An average month weighs in at around 2 GB; an average year, 25 GB; the entire dataset, 300 GB. We can now qualify our earlier statement about big data being relative. Ingesting the entire NYC dataset in one sitting requires a machine with more than 300 GB of memory–and that is before you perform any analysis. An analyst with access to servers like these might not consider the NYC dataset “big data.” They might be able to load and process the entire dataset in memory. But where does that leave the rest of us, who don’t have access to such high-powered computing? Is there a way we can take the “big” out of “big data?”
Fortunately, the answer is yes.
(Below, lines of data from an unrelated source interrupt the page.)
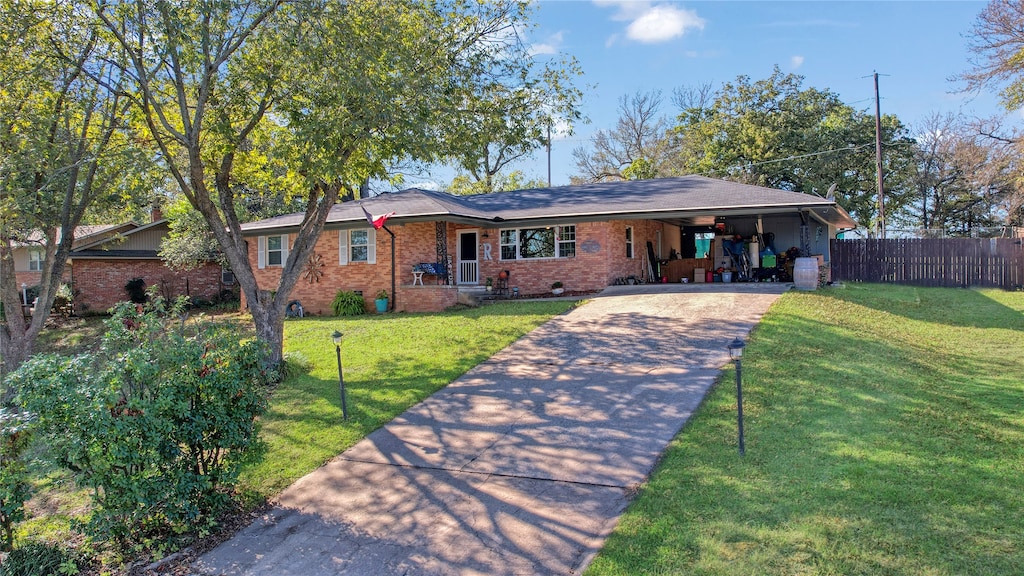 ranch-style home featuring a carport and a front yard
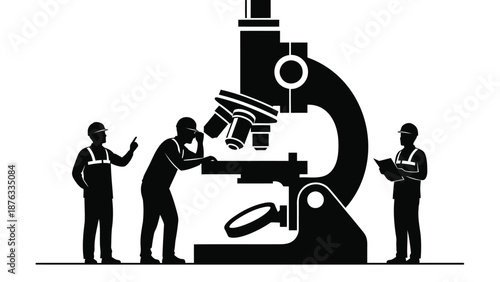 Three workers in hard hats examine and operate a large microscope in a lab setting with precision and focus on scientific research and discovery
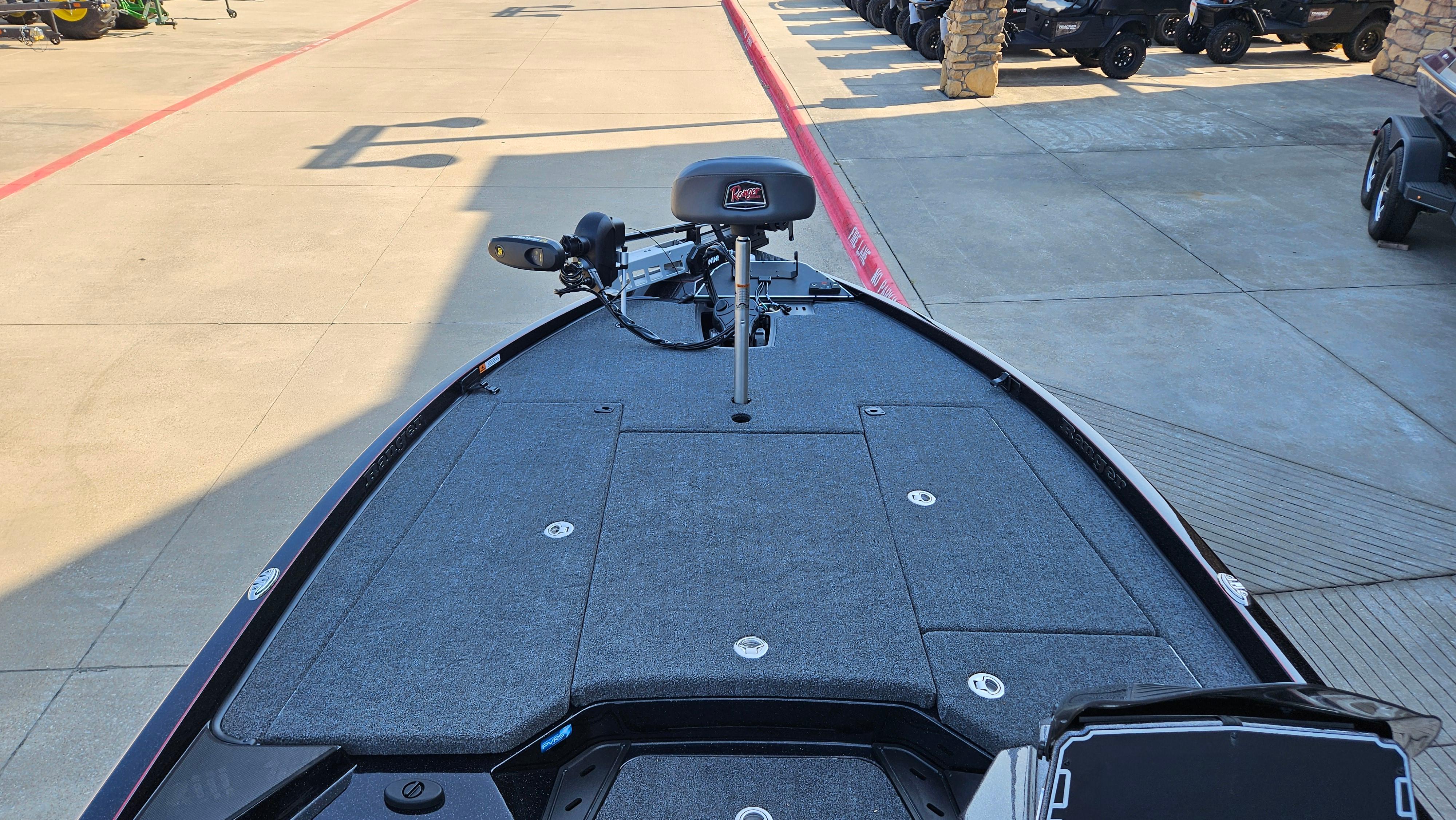 2025 Ranger Z520 boat deck with seating and equipment, parked outdoors.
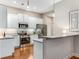 Modern kitchen with white cabinetry, stainless steel appliances, and hardwood floors at 1045 Brook Knoll Ln # 401, Cumming, GA 30041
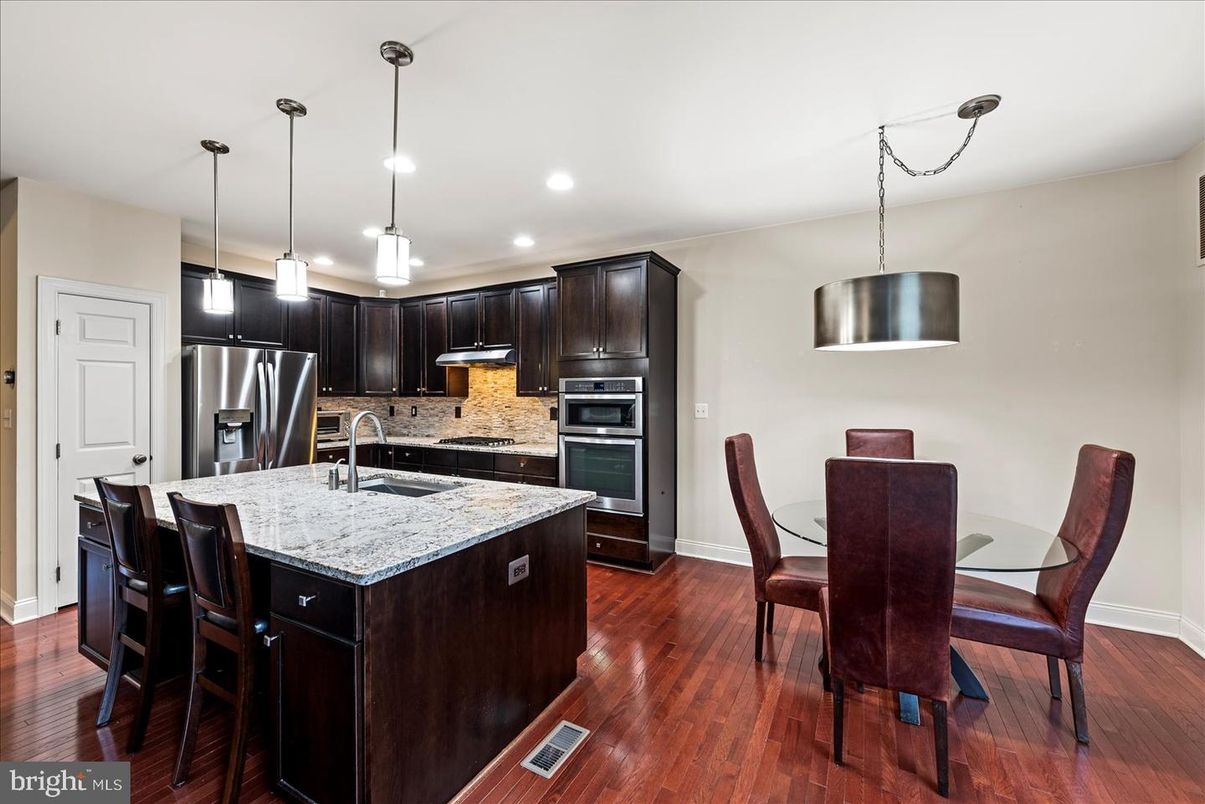 Dining room, Interior, Kitchen, Pendant Lights, Recessed Lighting, Stainless Steel Appliances, Wood Texture Flooring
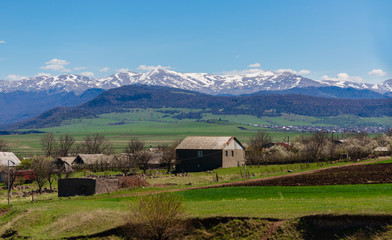 Rural landscape with village houses and snowy mountains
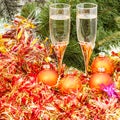 Two glasses with gold Xmas decorations and tree 6 Royalty Free Stock Photo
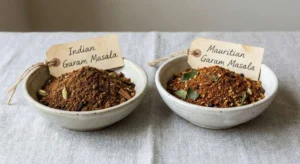 Side-by-side ceramic bowls, one labeled "Indian Garam Masala" and the other "Mauritian Garam Masala" containing a distinct Mauritius masala UK blend with visible whole spices and curry leaves.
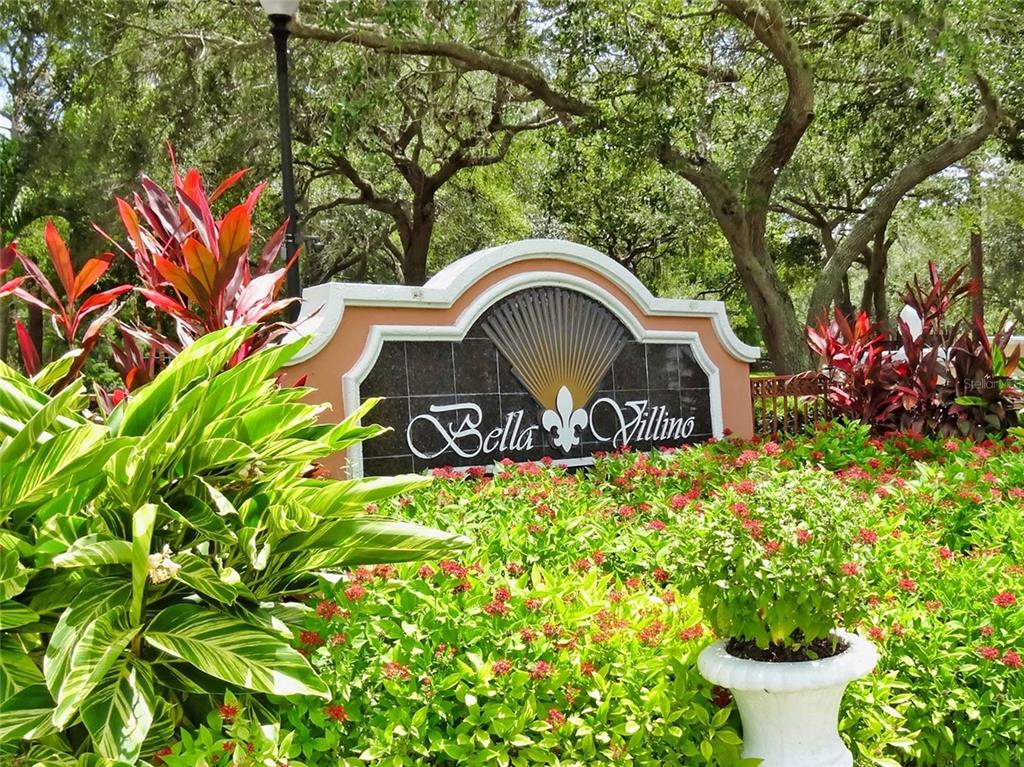 A stone monument sign for Bella Villino sits surrounded by lush landscaping and trees — 4174 CENTRAL SARASOTA PARKWAY UNIT 221, SARASOTA, FL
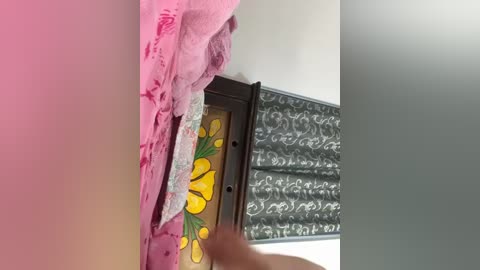 A video of a person's hand delicately peeling off a pink fabric with intricate floral patterns, revealing a decorative mirror with floral motifs and a silver, ornate door frame in the background.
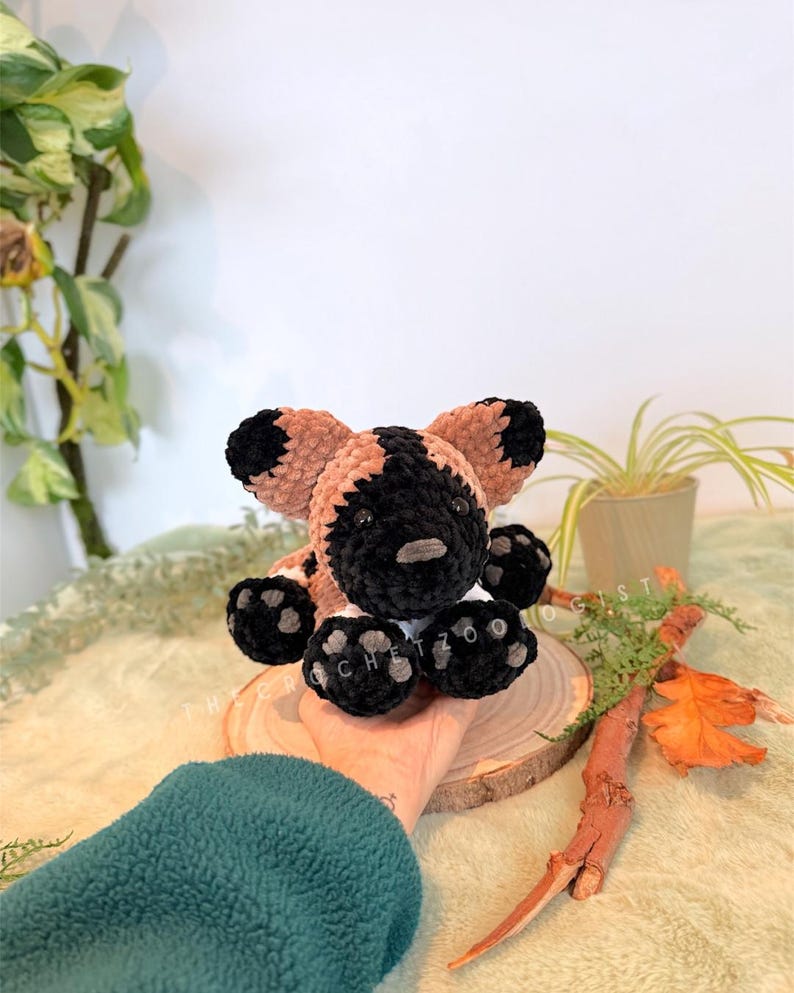 May include: A handmade crochet African wild dog plush toy. The plush features a black and tan color scheme with black paws and ears. The toy is sitting on a wooden slice, with the text "@crochetzoo" visible on the paws.
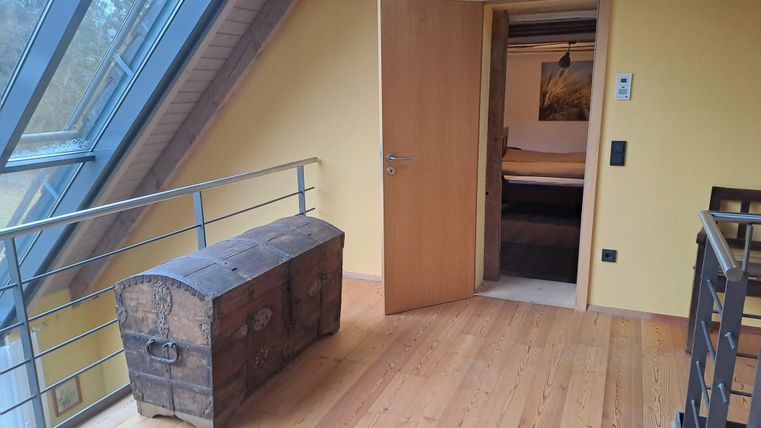 Ein heller Raum mit Holzboden und großen Fenstern. Eine offene Tür führt zu einem abgedunkelten Bereich, während eine antike Truhe im Vordergrund steht.
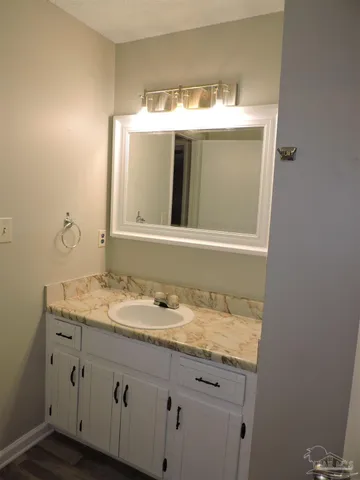 a bathroom with a granite countertop sink and a mirror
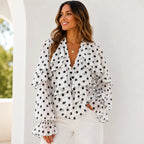 Women's white and black polka dot ruffle chiffon long sleeve blouse featuring cascading front ruffles, sheer sleeves, and a chic V-neck design.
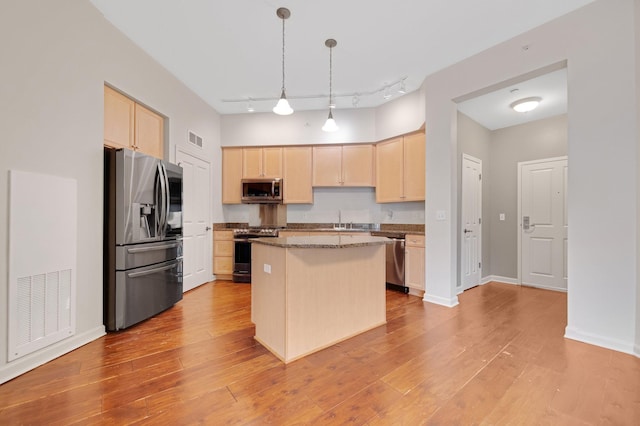 kitchen with sink, a center island, light stone counters, pendant lighting, and appliances with stainless steel finishes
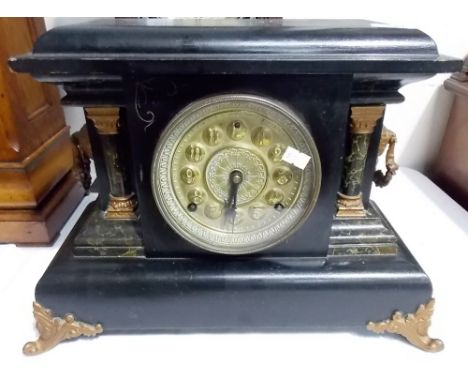 Ebonised simulated slate and marble two train mantel clock, width 15'.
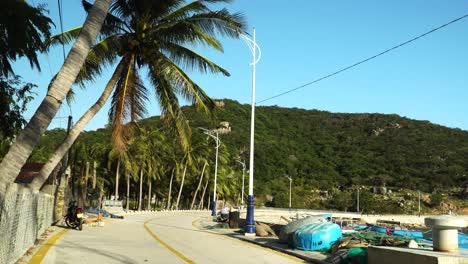 Small-fishing-port-in-Vinh-Hy-Bay,-Vietnam,-empty-walkway-under-palms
In subsequent posts (here, here), we illustrate ways to analyze datasets that are too large to fit in memory on a single machine. Such “out-of-core” (OOC) analysis is not new, but is increasingly relevant in the era of big data. Most of these solutions are based on partitioning the dataset into smaller chunks and processing the individual chunks in a distributed manner. For example, one could partition the NYC dataset into 20 smaller datasets and simultaneously process each of the smaller datasets on 20 individual machines. Alternatively, one could conceivably partition the dataset into 20 smaller datasets and process each dataset sequentially on the same machine.
Stay tuned for posts detailing these methods. For now, let’s glean some insights from just one month (March 2016) of the NYC taxi dataset.
In the figure above, we bin the monthly data by hour of day. As expected, ridership drops off in the wee hours. Also expected is the surge in ridership during the morning and evening rush hours. Clearly, the busiest times occur in early evening.
The heatmap above displays tips as a percentage of taxi fare. 8 million points are used to generate the map. In what locations do riders give large tips as a percentage of the taxi fare? Zoom in for more granular data.
In conclusion, the term “big data” is relative to an analyst’s tools. There are ways to strip the “big” from “big data,” subject to some limitations. We will detail these tools in upcoming posts:
SOFTWARE: Linux, python, dask, pandas, geopandas, geojson, shapely, mapbox, tippecanoe
OTHER DETAILS: Dask allows for parallel processing of the data, since the March 2016 dataset (2 GB) does fit in memory, but allows very limited processing on an 8 GB system. We generate the maps in Mapbox and style them across the data and zoom ranges. Tippecanoe builds the map tilesets into scale-independent views.